Da wäre etwa die lokale Sozialstruktur. Beispielsweise sind die Menschen in Städten oder Regionen mit überdurchschnittlich junger Bevölkerung aufgeschlossener. Dahingegen dominieren Zurückhaltung oder Streitsucht, wenn die lokale Kriminalitätsrate höher liegt als im überregionalen Durchschnitt.

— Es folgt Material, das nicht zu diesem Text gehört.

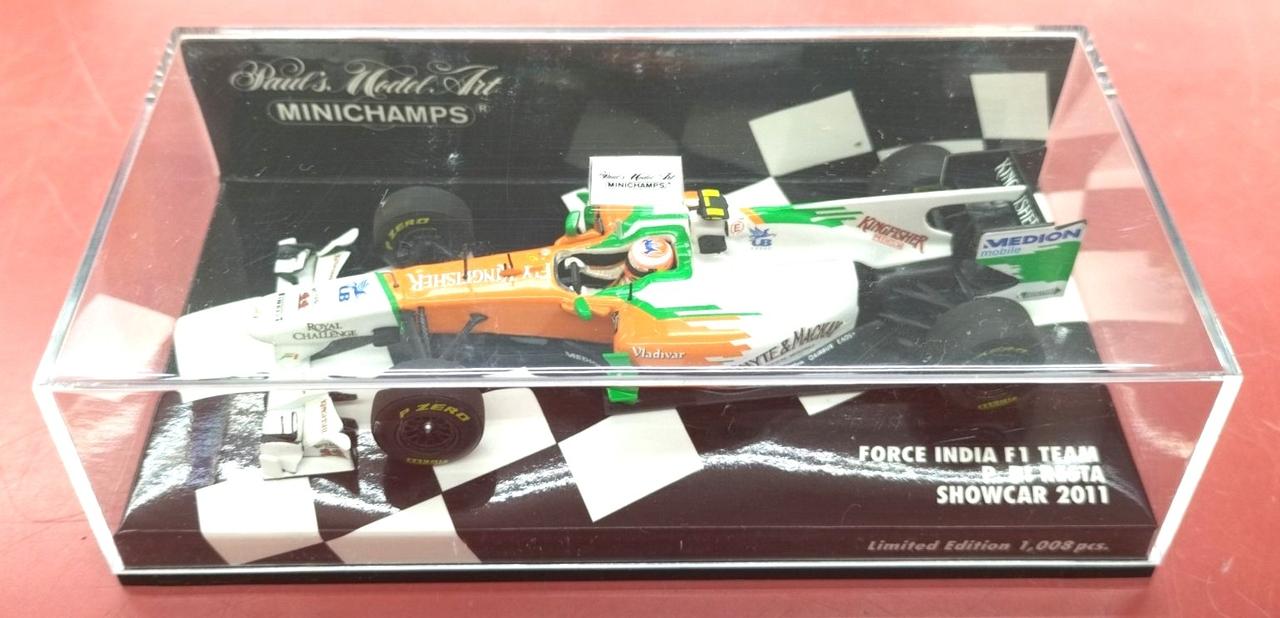 PAUL'S MODEL ART|1/43 フォース インディア SHOWCAR 2011|【ハード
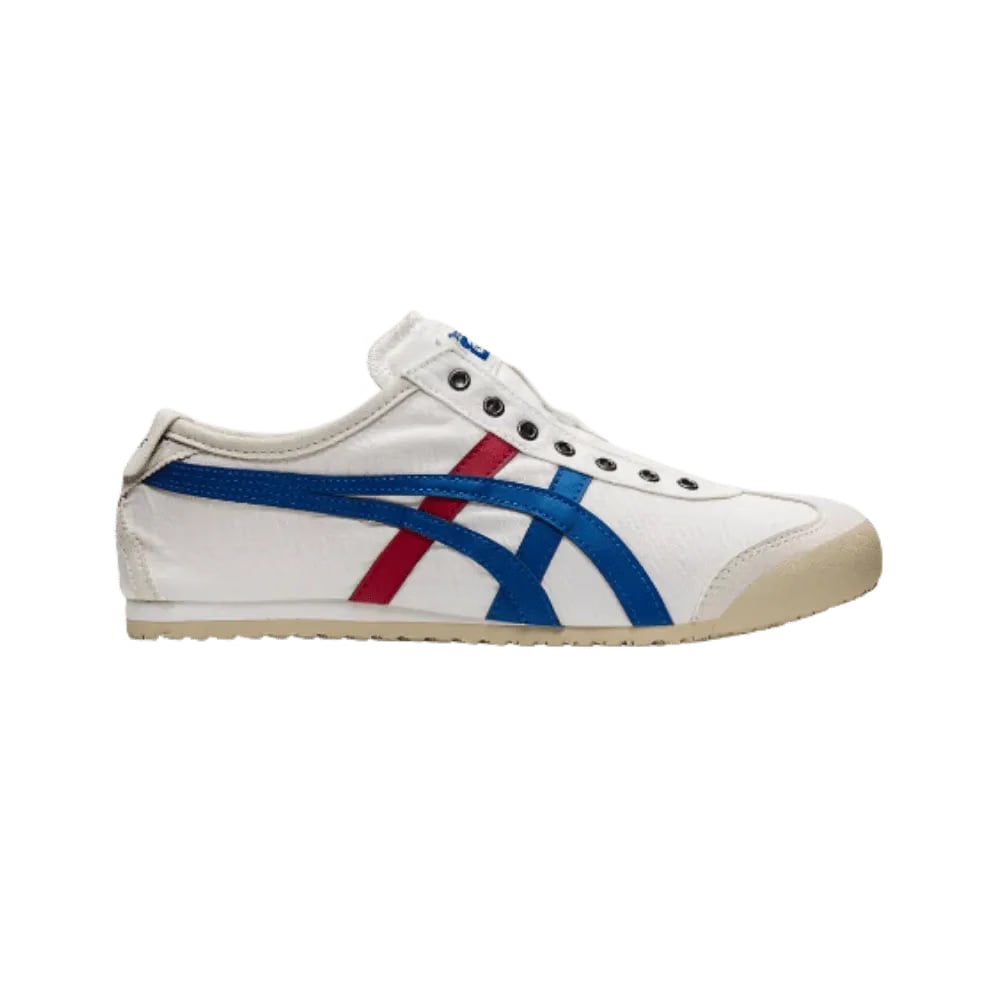 Onitsuka Tiger Mexico 66 Slip-On White Blue Red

Darüber hinaus spielt das Phänomen der Sozialen Ansteckung eine wichtige Rolle. Einstellungen und Stimmungen sowie letztlich auch Persönlichkeitseigenschaften breiten sich innerhalb der sozialen Netzwerke vor Ort aus. Das bewirkt die allmähliche Angleichung der Charaktere in einem bestimmten geographischen Raum. Dieser Effekt wird dadurch verstärkt, dass wir alle lieber mit solchen Personen interagieren, die unsere Ansichten oder Vorlieben teilen. Daraus resultiert dann wiederum die Bildung von organisatorischen Strukturen wie Vereinen, welche die mentale Homogenisierung vorantreiben. Dabei kann die Soziale Ansteckung auch negative Folgen haben, weil sie zum gegenseitigen Hochschaukeln führt. So fanden niederländische Forscher heraus, dass sich das Burnout-Syndrom unter Lehrkräften deutlich stärker verbreitet, wenn die Betroffenen ihre Sorgen und Nöte vor allem innerhalb der Schule thematisieren.

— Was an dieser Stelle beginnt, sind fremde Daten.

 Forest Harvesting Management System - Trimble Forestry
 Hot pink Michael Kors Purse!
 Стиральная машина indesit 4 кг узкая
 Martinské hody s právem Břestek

„Glücksritter“ oder Bodenständige
Der Homo sapiens wird zudem von der Gesellschaft „erzogen“, in der er aufwächst oder lebt. In diesem Prozess der Sozialisation übernimmt der Mensch die Normen, Werte, Einstellungen, Stereotype, Eigenschaften und charakteristischen Verhaltensweisen seines Umfeldes. Wenn jemand also von Natur aus unpünktlich und liederlich ist, aber im Alltag ständig vermittelt bekommt, dass dies unerwünscht sei, dann passt er sich entweder an oder verschwindet woandershin, wo sein Manko nicht als Problem empfunden wird. So entstehen räumlich begrenzte „Cluster“ bestimmter Charakterzüge. Auch sorgten die Migrationsströme der Vergangenheit für die Vorherrschaft bestimmter Persönlichkeitseigenschaften in bestimmten Landschaften.
Üblicherweise sind früher vor allem ehrgeizige, leistungsbereite und risikofreudige Menschen aus den Regionen abgewandert, welche ökonomisch unterentwickelt waren. Damit verfestigte sich dort die Neigung zur „Bodenständigkeit“ mit all ihren positiven und negativen Aspekten, während in den Zielregionen ein ganz anderer Menschenschlag die Oberhand erlangte. Ähnlich bedeutsame Unterschiede kann man heute unter den Bewohnern derjenigen Länder finden, aus denen viele Immigranten in den Westen strömen: Die Auswanderer verkörpern eher den Typ des wurzellosen „Glücksritters“, wohingegen die Daheimgebliebenen am Vertrauten festhalten.
Dazu kommen das Klima und die Landschaft. Untersuchungen in China und den USA deuten darauf hin, dass Verträglichkeit und Offenheit öfter in Zonen mit einem milden Klima vorkommen. Im Gegenzug findet sich hier weniger Neurotizismus. Und japanische Forscher entdeckten 2015 bei Vergleichen zwischen der Mentalität von Berg- und Küstenbewohnern folgende Unterschiede: Wer im Gebirge lebt, ist introvertierter als der Durchschnitt, und wer am offenen Meer wohnt, zeigt im Verhältnis mehr Kontaktfreude und ein umgänglicheres Wesen. Allerdings ergaben Wiederholungen dieser Studie in den USA 2022 etwas andere Ergebnisse: Hier erwiesen sich die Küstenbewohner zwar ebenso als offen, aber zugleich auch relativ wenig verträglich.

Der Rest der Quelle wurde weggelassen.